House with red front door and hanging baskets - Propensity to claim motor and house insurance

The Client

The client is a major player in the insurance industry.

The Challenge

To use Machine Learning on the client’s data in order to predict ‘propensity to claim’ in Motor and Home insurance.

The Constraints

The data required a considerable clean-up. Like all organisations, the client had a large number of data stores and some historic issues with its data collection. These would need to be amalgamated and cleaned up.

With the advent of the GDPR, there were some constraints on the breadth of personal data the client could share with us. To get around this we one-time encrypted the personal data details, such as the name and postcode etc, and the client kept the encryption keys. This allowed us to compare encrypted values of data (such as the postcodes) to determine whether they were the same, without actually knowing the values themselves.

The Method

Our approach involved the creation of several competing algorithms – Random Forest, Support Vector Machine and Stochastic Gradient Descent Classifier. The algorithms were then heavily adjusted in our lab to extract the best results from the data.

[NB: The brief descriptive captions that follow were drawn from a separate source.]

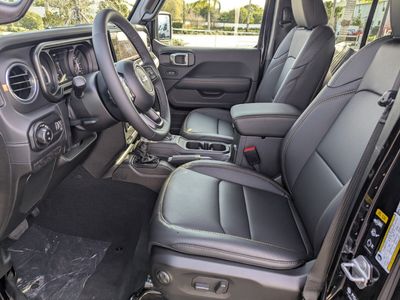 2026 Jeep Gladiator - Photo 12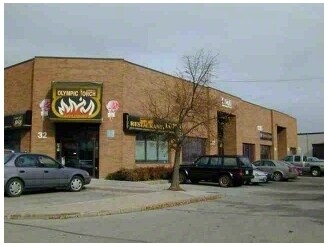 1225 Gorham St, Newmarket, ON à vendre - Photo de l’immeuble – Image 2 sur 5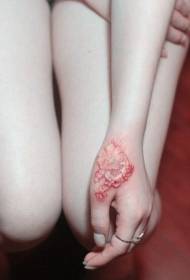 boca de tigre cicatrices cubiertas patrón de tatuaje de flor pequeña rosa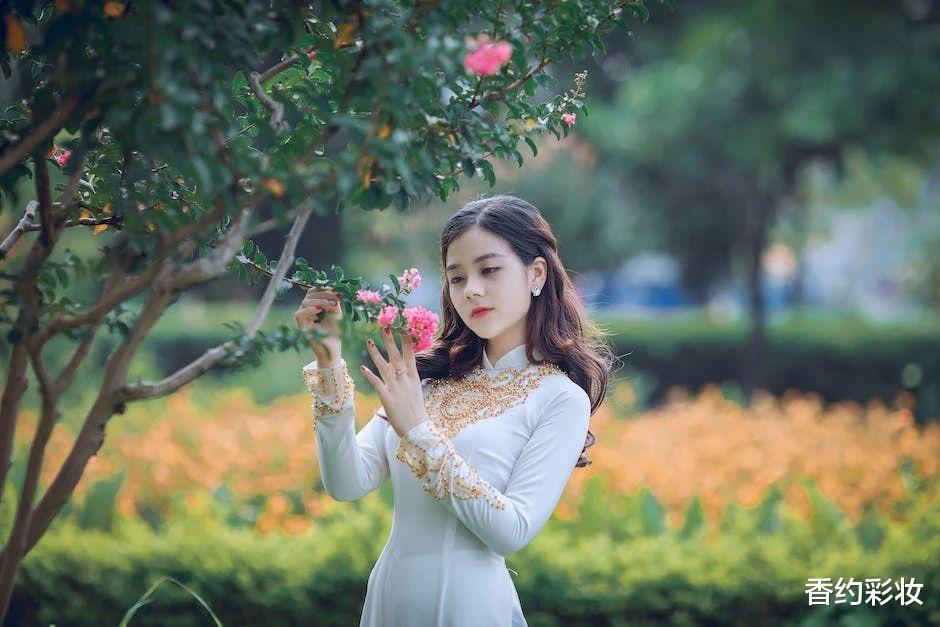 短发 新手刚开始化妆，如何画出干净的底妆，有什么讲究？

A good example of such an adjustment is our use of Natural Language Processing with the Occupation of the insured person. We analysed how often humans used occupations in a similar sentence such as “…so and so became ill and went to the <vet> >doctor> <nurse>… ”, which then allowed us to group occupations into clusters by linguistic similarity.

This in turn allowed us to group ‘Chauffeur’ and ‘Driver’ into the same occupation cluster,  therefore increasing our learning for both occupations.

We managed to scale down several thousand occupations to just 100 clusters, an approach which revealed significant results in terms of improving accuracy.

The Outcome

While contractual constraints prevent us from divulging too much detail, we were able to show clear and consistent capacity to predict a claim at considerably higher rates than the industry standard. The model was trained on 1.3 million records, then tested on 628K.

The client has chosen to proceed with putting the model live, with the work currently ongoing.